On Mon, Jan 21, 2019 at 03:44:12PM +0000, Patrick Bellasi wrote:
> On 21-Jan 16:33, Peter Zijlstra wrote:
> > On Tue, Jan 15, 2019 at 10:15:02AM +0000, Patrick Bellasi wrote:
> > 
> > > +static inline void
> > > +uclamp_task_update_active(struct task_struct *p, unsigned int clamp_id)
> > > +{
> > > +	struct rq_flags rf;
> > > +	struct rq *rq;
> > > +
> > > +	/*
> > > +	 * Lock the task and the CPU where the task is (or was) queued.
> > > +	 *
> > > +	 * We might lock the (previous) rq of a !RUNNABLE task, but that's the
> > > +	 * price to pay to safely serialize util_{min,max} updates with
> > > +	 * enqueues, dequeues and migration operations.
> > > +	 * This is the same locking schema used by __set_cpus_allowed_ptr().
> > > +	 */
> > > +	rq = task_rq_lock(p, &rf);
> > > +
> > > +	/*
> > > +	 * Setting the clamp bucket is serialized by task_rq_lock().
> > > +	 * If the task is not yet RUNNABLE and its task_struct is not
> > > +	 * affecting a valid clamp bucket, the next time it's enqueued,
> > > +	 * it will already see the updated clamp bucket value.
> > > +	 */
> > > +	if (!p->uclamp[clamp_id].active)
> > > +		goto done;
> > > +
> > > +	uclamp_cpu_dec_id(p, rq, clamp_id);
> > > +	uclamp_cpu_inc_id(p, rq, clamp_id);
> > > +
> > > +done:
> > > +	task_rq_unlock(rq, p, &rf);
> > > +}
> > 
> > > @@ -1008,11 +1043,11 @@ static int __setscheduler_uclamp(struct task_struct *p,
> > >  
> > >  	mutex_lock(&uclamp_mutex);
> > >  	if (attr->sched_flags & SCHED_FLAG_UTIL_CLAMP_MIN) {
> > > -		uclamp_bucket_inc(&p->uclamp[UCLAMP_MIN],
> > > +		uclamp_bucket_inc(p, &p->uclamp[UCLAMP_MIN],
> > >  				  UCLAMP_MIN, lower_bound);
> > >  	}
> > >  	if (attr->sched_flags & SCHED_FLAG_UTIL_CLAMP_MAX) {
> > > -		uclamp_bucket_inc(&p->uclamp[UCLAMP_MAX],
> > > +		uclamp_bucket_inc(p, &p->uclamp[UCLAMP_MAX],
> > >  				  UCLAMP_MAX, upper_bound);
> > >  	}
> > >  	mutex_unlock(&uclamp_mutex);
> > 
> > 
> > But.... __sched_setscheduler() actually does the whole dequeue + enqueue
> > thing already ?!? See where it does __setscheduler().
> 
> This is slow-path accounting, not fast path.

Sure; but that's still no reason for duplicate or unneeded code.

> There are two refcounting going on here:
> 
>   1) mapped buckets:
> 
>      clamp_value <--(M1)--> bucket_id
> 
>   2) RUNNABLE tasks:
> 
>      bucket_id <--(M2)--> RUNNABLE tasks in a bucket
> 
> What we fix here is the refcounting for the buckets mapping.

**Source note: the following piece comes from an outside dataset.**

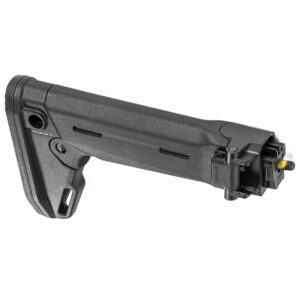 Magpul Zhukov-S Folding Stock for Yugo M70 - Black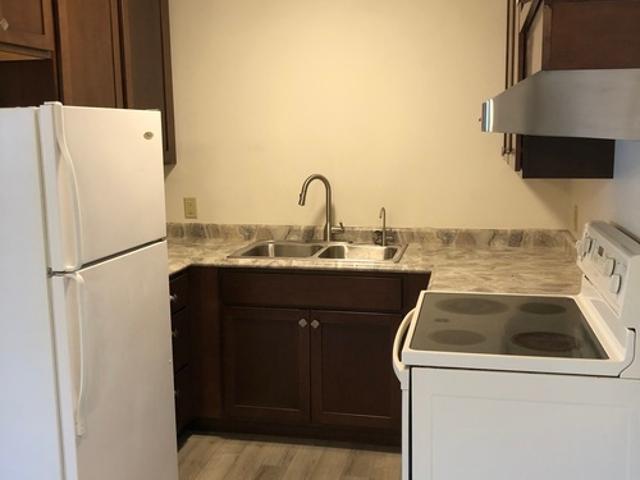 1 BR, 1 BA Apartment 22 1st St NW, Unit 3, Fairfax, MN 55332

If a task
> does not have a task specific clamp value it does not refcount any
> bucket. The moment we assign a task specific clamp value, we need to
> refcount the task in the bucket corresponding to that clamp value.
> 
> This will keep the bucket in use at least as long as the task will
> need that clamp value.

Sure, I get that. What I don't get is why you're adding that (2) here.
Like said, __sched_setscheduler() already does a dequeue/enqueue under
rq->lock, which should already take care of that.